Hey, I'm Marco and welcome to my newsletter!
As a software engineer, I created this newsletter to share my first-hand knowledge of the development world. Each topic we will explore will provide valuable insights, with the goal of inspiring and helping all of you on your journey.
In this episode, I show you how the Bloom Filter data structure works and a possible implementation in Redis.
You can find the implementation here: https://github.com/marcomoauro/magic-link-auth/blob/main/src/usernameBloomFilter.js
🎲 Bloom Filter
A Bloom Filter is a probabilistic data structure, it allows representing a large amount of data using minimal memory. Its main feature is the ability to decisively state the absence of an element while admitting a certain probability for its presence.
It is represented by a finite array of bits, which are initially set to 0.
Unlike a HashMap, a Bloom filter doesn't save the actual values of the elements in the domain. Instead, it uses a bit array to store 0 and 1.
This efficiency is achieved through the use of K hash functions, which map elements onto a bit array. However, due to the finite size of the array and potential hash collisions, false positives can occur, indicating the presence of an element that isn't actually there.
The size cannot be changed once it has been established since doing so would result in the loss of references between bit array locations with hash function results. Changing the size requires recreating the filter all over again.
This efficiency makes Bloom Filters a top choice in many applications where fast operations and memory-saving are key priorities.
Hash functions
To ensure swift performance, it's essential for hash functions to distribute the domain values evenly across the filter and generate collisions infrequently. It's good practice to test the filter with elements from your domain to understand its performance and make adjustments as necessary.
Typical hash functions used are:
SHA256
MurmurHash
Fowler–Noll–Vo (FNV)
Search of an item
During the search operation, we use hash functions on elements from our domain, these functions give us the index in the bit array that we use to determine if the element is likely in the filter if all the corresponding bits are set to 1.
The operation has a time cost O(k) with k=number of hash functions, regardless of the number of stored elements. Since k is a value chosen at the filter design stage then the cost is constant.
This is because each search only has to check a few bits of the filter, those designated by the results of the hash functions.
However, since false positives may occur, some additional checks may be necessary, such as checking the presence of the value on the database.
Insertion of an item
During the insertion process, we use hash functions on the elements of our domain.

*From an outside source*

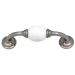 D Handle Pewter White Ceramic Insert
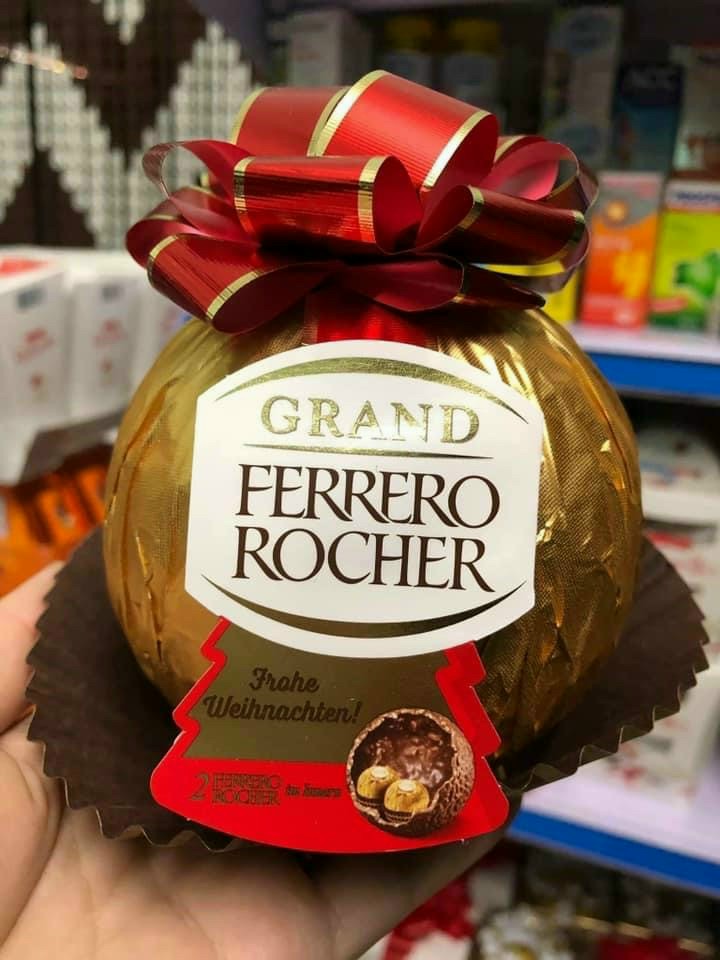 CHOCOLATE FERRERO ROCHER QUẢ CẦU VÀNG 125GR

These functions provide us with the index in the array of bits in which we must set the bit value to 1, with k hash functions we will have k indices to configure.
During insertion, Bloom filters maintain a constant time complexity O(k) with k=number of hash functions, since the value of k remains constant, the cost of insertion also stays constant. This is because, just as in searching, the only thing we do is calculate the array indices using hash functions and then set the corresponding bits to 1 and both of these actions require a constant cost.
Deletion of an item
In Bloom Filters, deletion of elements isn't supported because once a bit in the bit-array is set to 1, it cannot be unset without affecting other elements that may rely on the same bit. Since multiple elements could map to the same bit position through different hash functions, removing one element might accidentally remove others.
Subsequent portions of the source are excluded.